Abstract
Formation of microstructure defects at the phase boundaries in TRIP steels was investigated with the aid of microstructure analysis on a TRIP steel crystal, which was grown by the Bridgman technique. The microstructure studies comprised scanning electron microscopy (SEM), X-ray diffraction (XRD), electron backscatter diffraction (EBSD), transmission electron microscopy (TEM) and transmission electron microscopy with high resolution (HRTEM). Initial XRD measurements revealed that the crystals under study consist of austenite and ferrite with extremely strong preferred orientations. Subsequent XRD pole figure measurements and EBSD scans have shown that the orientation relationship between austenite and ferrite can be described by the Nishiyama-Wassermann model. For a detailed description of the microstructure of the Bridgman crystal, the orientation distribution of crystallites within the individual phases was investigated using the XRD reciprocal space mapping and the rocking curve measurements. These experiments have shown that the density of microstructure defects is much lower in ferrite than in austenite. The direct information about the defect structures at the phase boundaries between austenite and ferrite was obtained from the TEM micrographs, which revealed complicated micro-twin structures at the boundaries between the neighbouring phases. HRTEM discovered very narrow stripes of ferrite embedded in austenite that were regarded as a source of the microstructure defects in austenite.
Highlights
The transformation induced plasticity (TRIP) plays an important role in the microstructure based design of modern steels with high yield strength, see, e.g., [1,2,3]
With the aid of the complete pole figures calculated from the electron backscatter diffraction (EBSD) measurements (Figs. 2 and 3), the mutual orientation of ferrite and austenite was assessed to correspond to the Nishiyama-Wassermann model [8, 9]

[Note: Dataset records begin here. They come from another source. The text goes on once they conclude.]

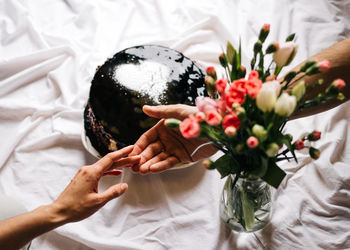 Midsection of woman holding crystal ball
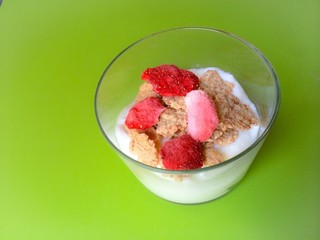 Healthy dessert bowl with red berries yogurt and cereals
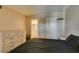 Neutral bedroom with a large dresser and access to the bathroom at 8000 Badura Ave # 2063, Las Vegas, NV 89113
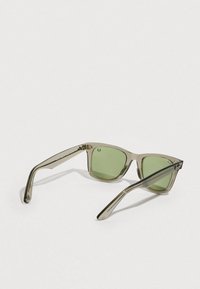 Διαφανή γκρι γυαλιά ηλίου με τετράγωνα πλαίσια, φακούς με πράσινη απόχρωση και λεπτούς βραχίονες με διακριτικό λογότυπο στους ναούς.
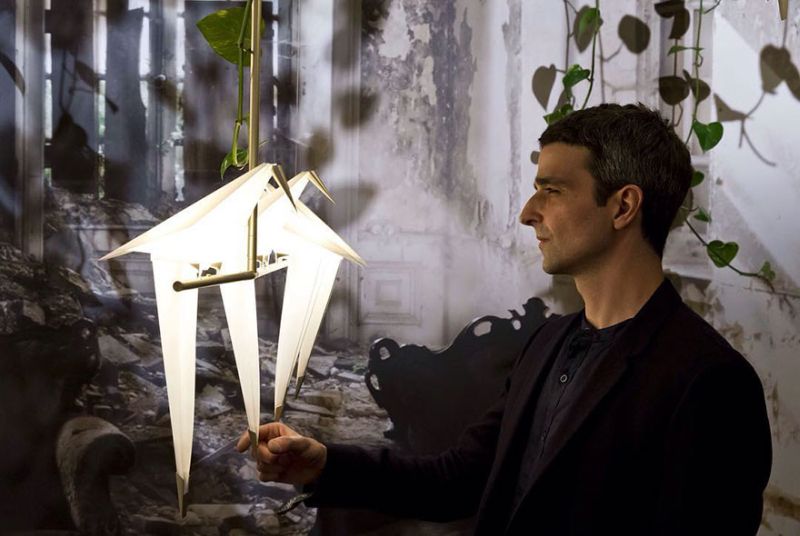 Origami bird-shaped swinging light by Umut Yamac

This orientation relationship is better visible in the pole figures that were calculated from the EBSD measurements than in the pole figures that were directly measured using X-ray diffraction (XRD)
Summary
The transformation induced plasticity (TRIP) plays an important role in the microstructure based design of modern steels with high yield strength, see, e.g., [1,2,3]. We describe the formation of microstructure defects at the phase boundaries in a TRIP steel crystal which was grown by a Bridgman technique. The principal crystallographic orientations of austenite and ferrite with respect to the sample surface were 〈33-1〉 and approximately 〈001〉, respectively, as obtained from the simulation of the pole figures for various crystal orientations.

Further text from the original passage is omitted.